Subharmonic functions satisfy the maximum principle. For a fixed $p\in \Omega\setminus \{x_i\}$ it says
$$
f(p) \le O(\epsilon)
$$
and since $\epsilon$ was arbitrarily small, $f\le 0$ in $\Omega$. The same consideration applies to $-f$; thus, $f\equiv 0$.

For $n=2$ the proof is the same, but has the logarithm in it:
$$
f(x) + \epsilon\sum_{i=1}^k \log\|x-x_k\|
$$

Other PDE

The keyword is capacity: does a one-point set have zero capacity for the given differential operator? The Laplace equation is the Euler-Lagrange equation for the functional $\int|\nabla f|^2$, so the relevant capacity of point $p$ is
$$
\inf \left\{\int|\nabla f|^2 : f=0\text{ on boundary, } f(p)=1 \right\}
$$
The infimum can be taken over all smooth functions, or over all Lipschitz functions: does not matter. The capacity of a point is zero, as you can see by letting $f$ be a scaled and truncated version of Green’s function.
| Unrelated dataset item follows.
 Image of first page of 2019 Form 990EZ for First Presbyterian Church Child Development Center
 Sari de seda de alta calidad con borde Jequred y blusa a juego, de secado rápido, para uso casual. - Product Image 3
Since the solution of boundary value problem is meant to minimize the functional for the given boundary data, the fact that the infimum is zero says there isn’t a solution.

For the biharmonic equation, the relevant functional is $\int|\Delta f|^2$. Is it true that
$$
\inf \left\{\int|\Delta f|^2 : f=0\text{ on boundary, } f(p)=1 \right\} =0 \quad ?
$$
Yes in dimensions $n\ge 4$, because biharmonic Green’s function is unbounded there (source). No in dimensions $n\le 3$. The reason is that the $L^2$ norm of the Laplacian controls $W^{2,2}$ norm (roughly speaking), and in dimensions $n\le 3$ the Sobolev embedding implies that $W^{2,2}$ norm controls pointwise values of a function.

So, the biharmonic equation can be used for interpolation in low dimensions. In two dimensions, this is known as a thin plate spline. More generally, there are polyharmonic splines: the higher the dimension, the more one iterates the Laplacian to keep Green’s function bounded.